- **Your instructions**
Down to the last line, reproduce the data that follows, but skip the pictures.

- **Provided data**
....
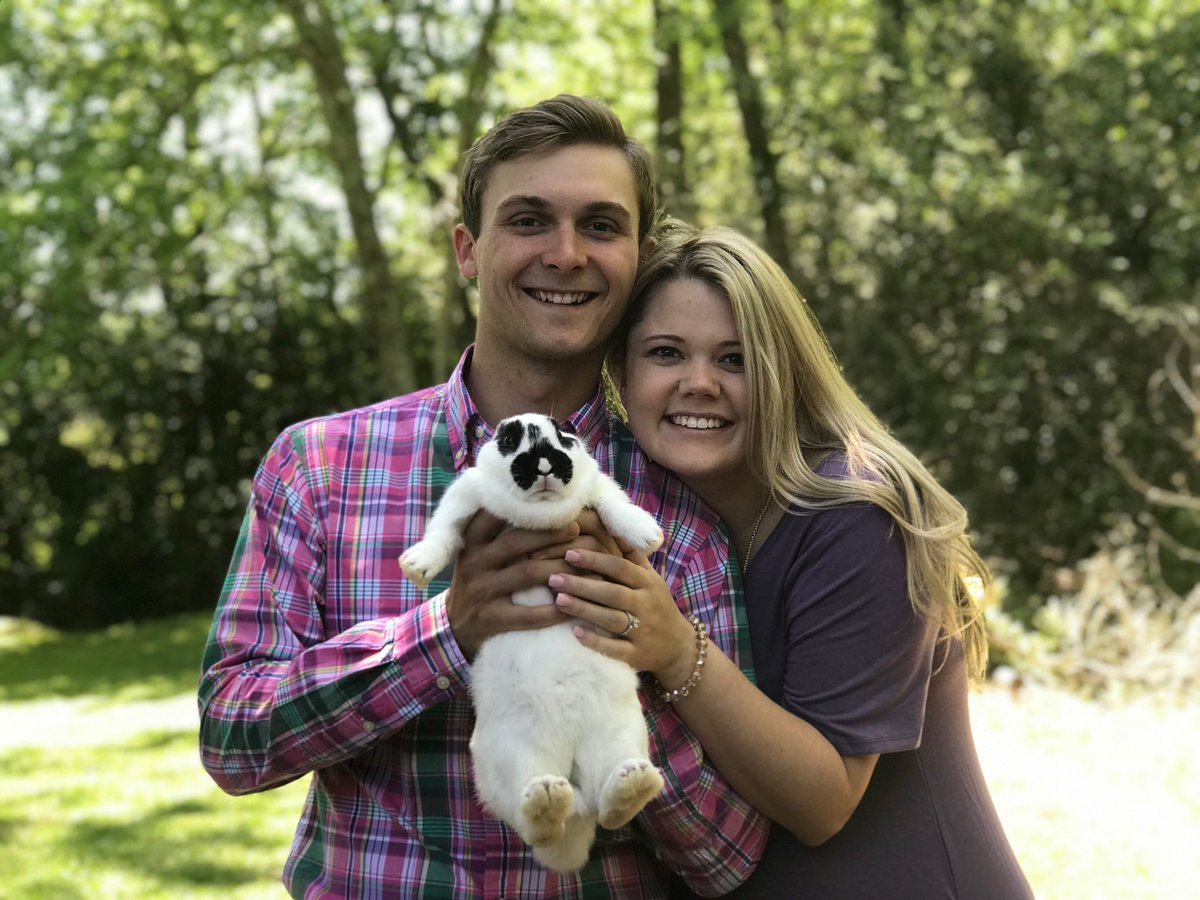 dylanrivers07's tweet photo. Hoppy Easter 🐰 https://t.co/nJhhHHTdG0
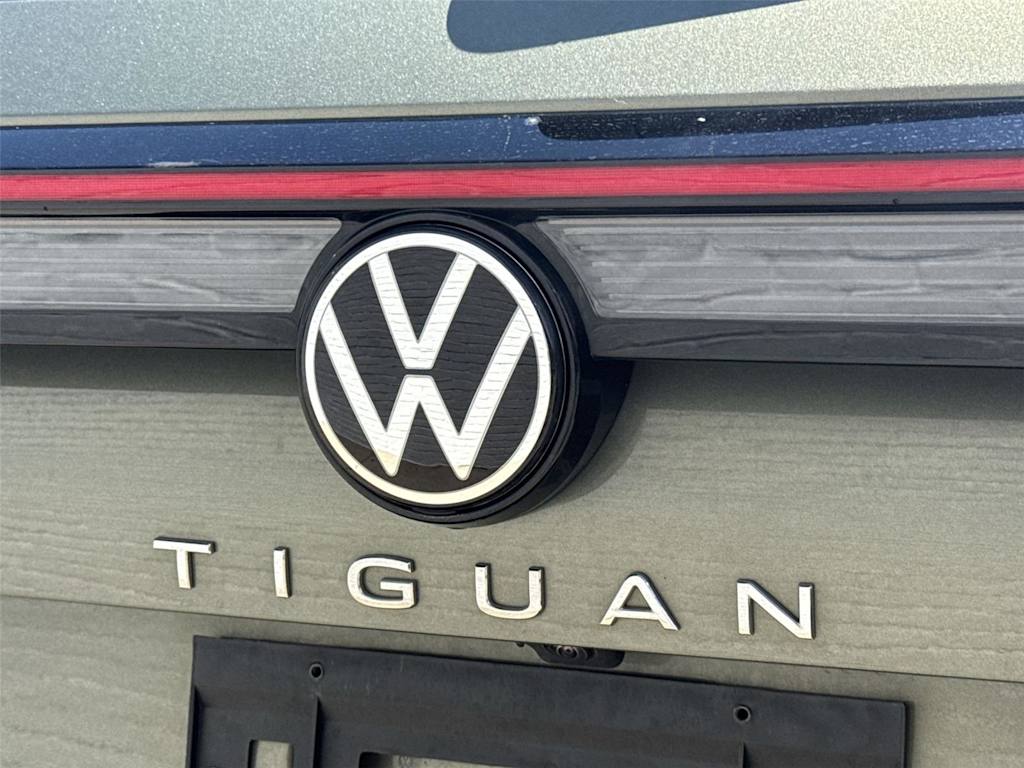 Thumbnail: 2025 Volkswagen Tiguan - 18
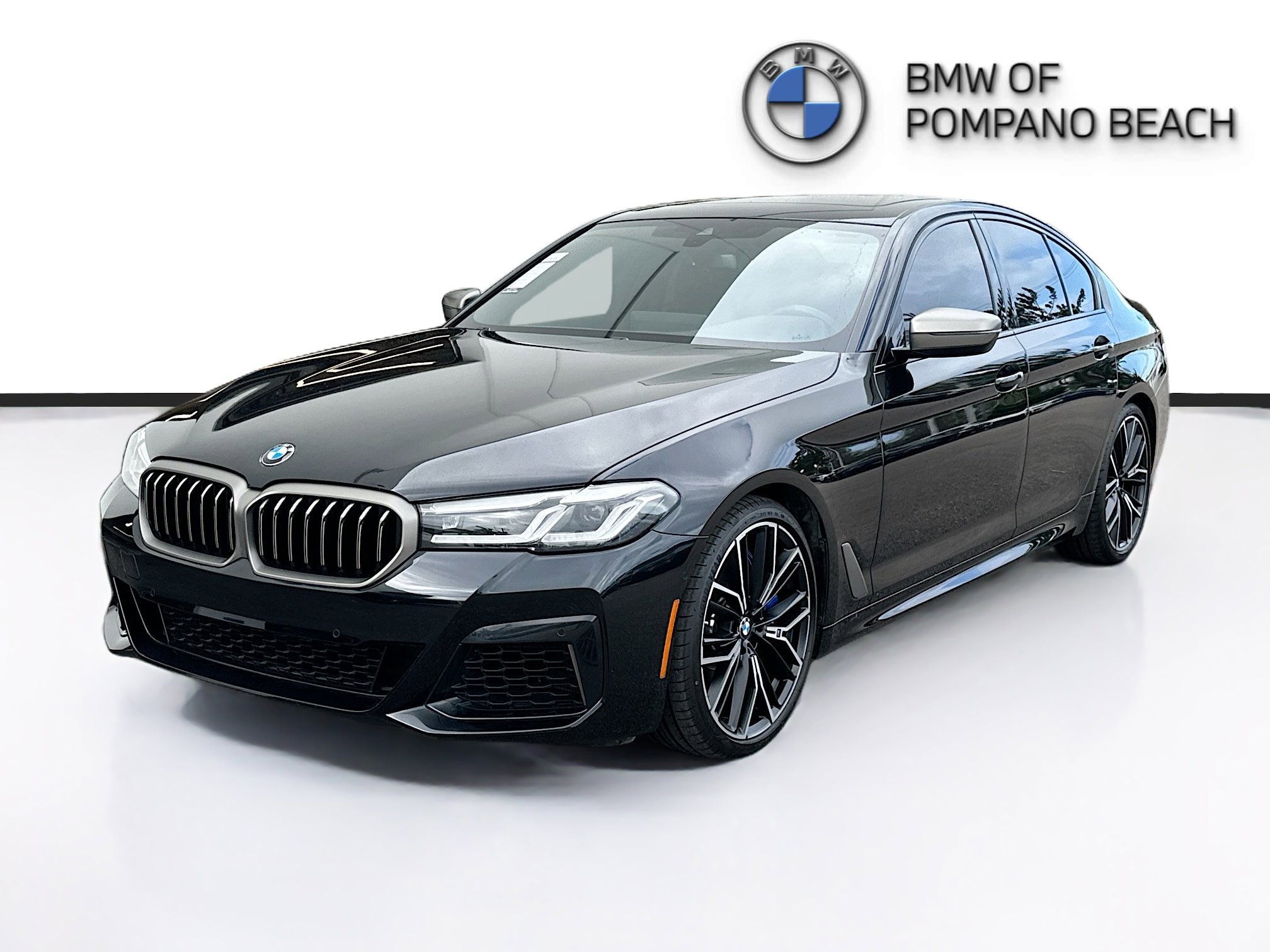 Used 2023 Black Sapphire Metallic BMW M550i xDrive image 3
....
- **Response area**
 dylanrivers07's tweet photo. Hoppy Easter 🐰 https://t.co/nJhhHHTdG0
 Thumbnail: 2025 Volkswagen Tiguan - 18
 Used 2023 Black Sapphire Metallic BMW M550i xDrive image 3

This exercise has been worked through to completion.